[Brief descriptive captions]
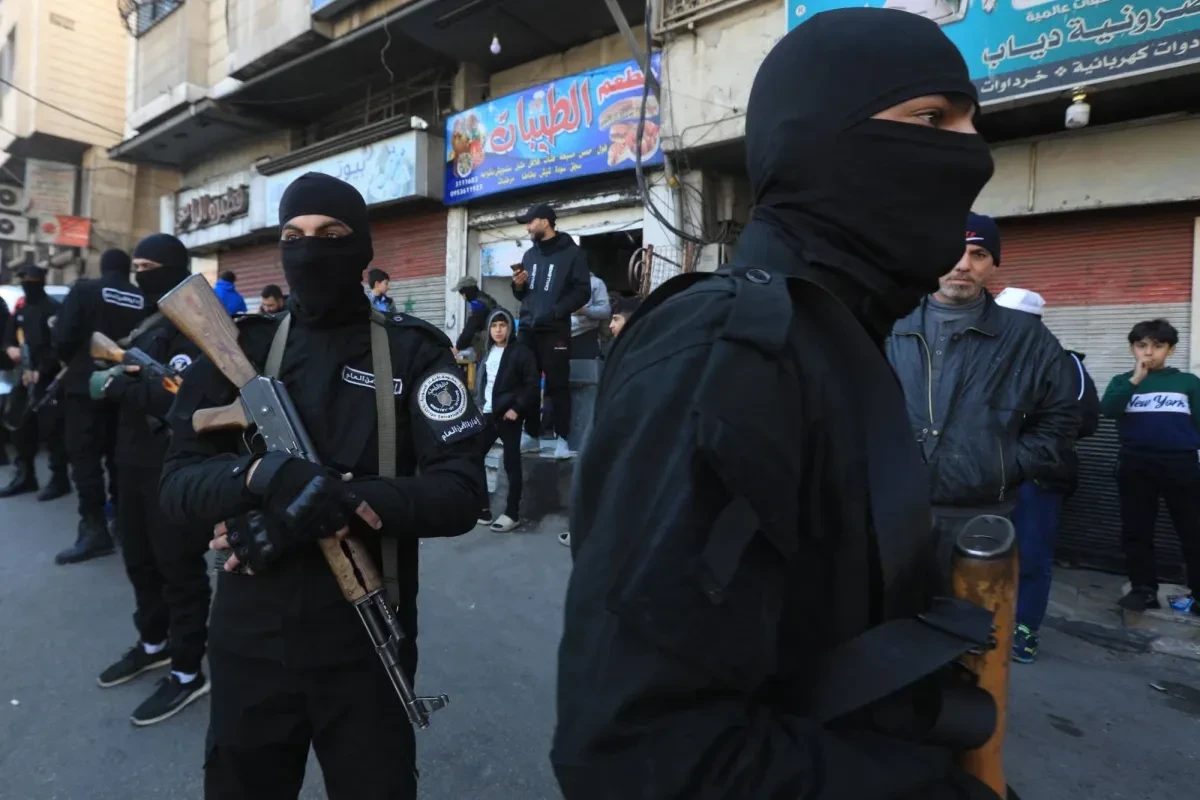 قوى الأمن الداخلي تطيح بعصابة...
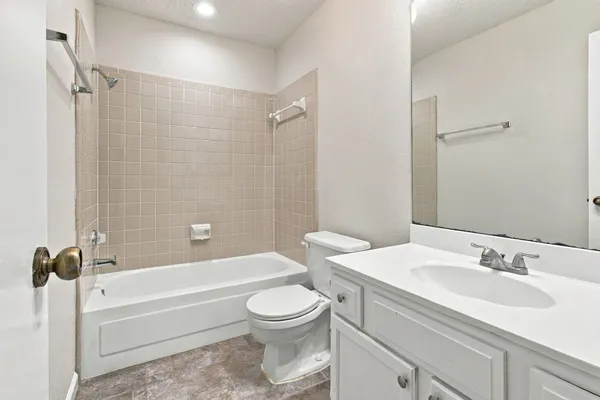 2222 CORTLAND CIR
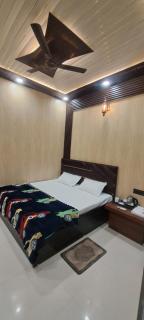 Aashvi Guest House - 3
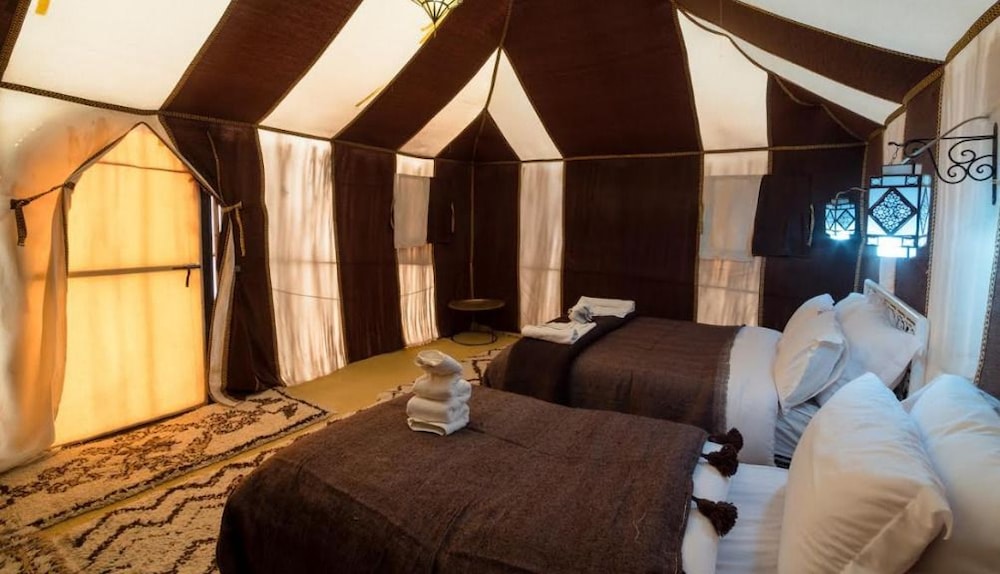 Deluxe Tent photo 3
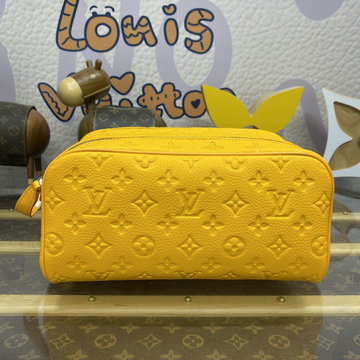 商品名称：ルイヴィトン LOUISVUITTON 057-M13009 2024年最新入荷 ドップ キット クラッチバッグ ハンドバッグ 洗面具収納 ポーチ トリヨンレザー
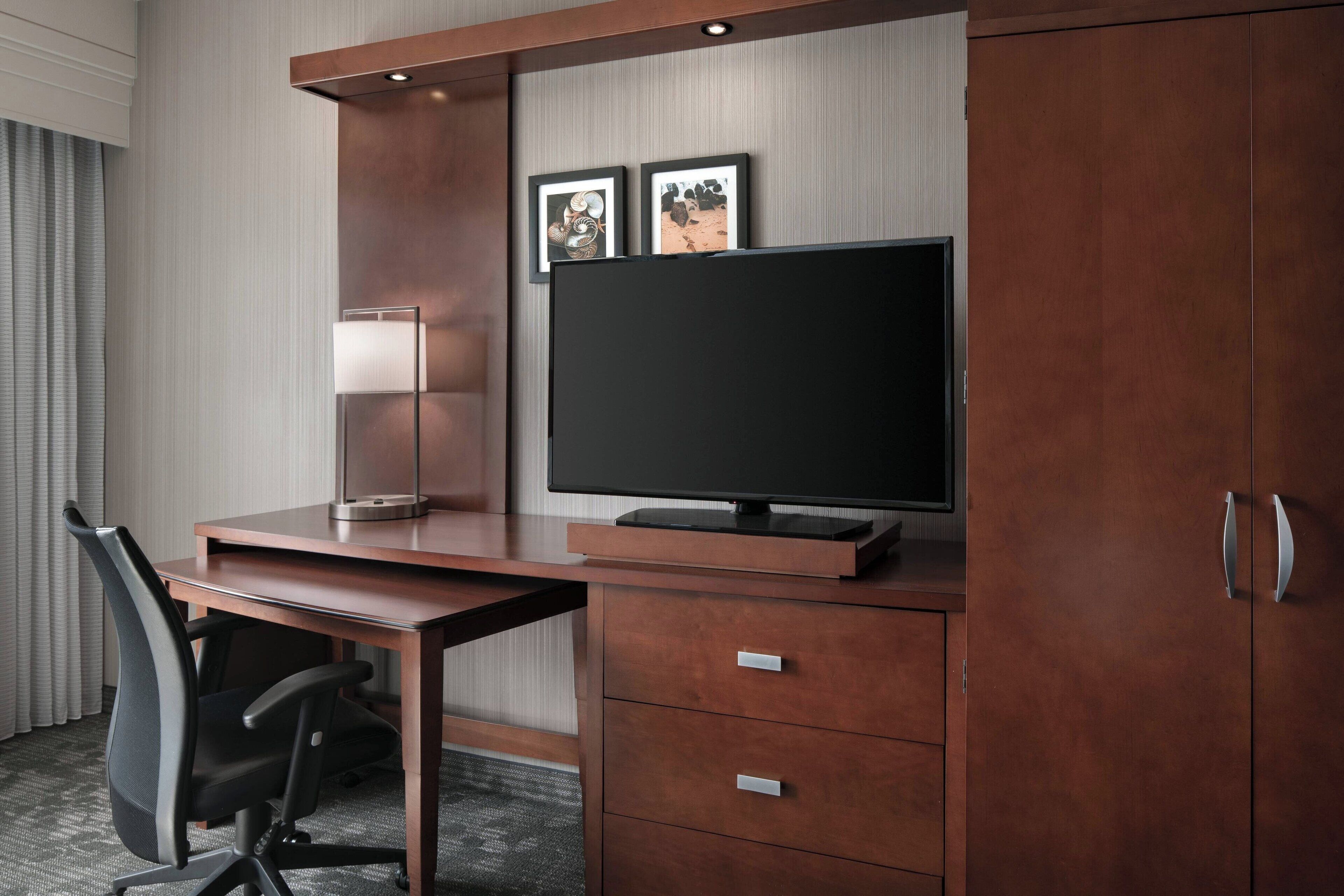 1 bedroom, premium bedding, desk, iron/ironing board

> **What you need to do**:
Transcribe every entry above exactly as it stands, but skip the images.

> **Task answer**:
 قوى الأمن الداخلي تطيح بعصابة...
 2222 CORTLAND CIR
 Aashvi Guest House - 3
 Deluxe Tent photo 3
 商品名称：ルイヴィトン LOUISVUITTON 057-M13009 2024年最新入荷 ドップ キット クラッチバッグ ハンドバッグ 洗面具収納 ポーチ トリヨンレザー
 1 bedroom, premium bedding, desk, iron/ironing board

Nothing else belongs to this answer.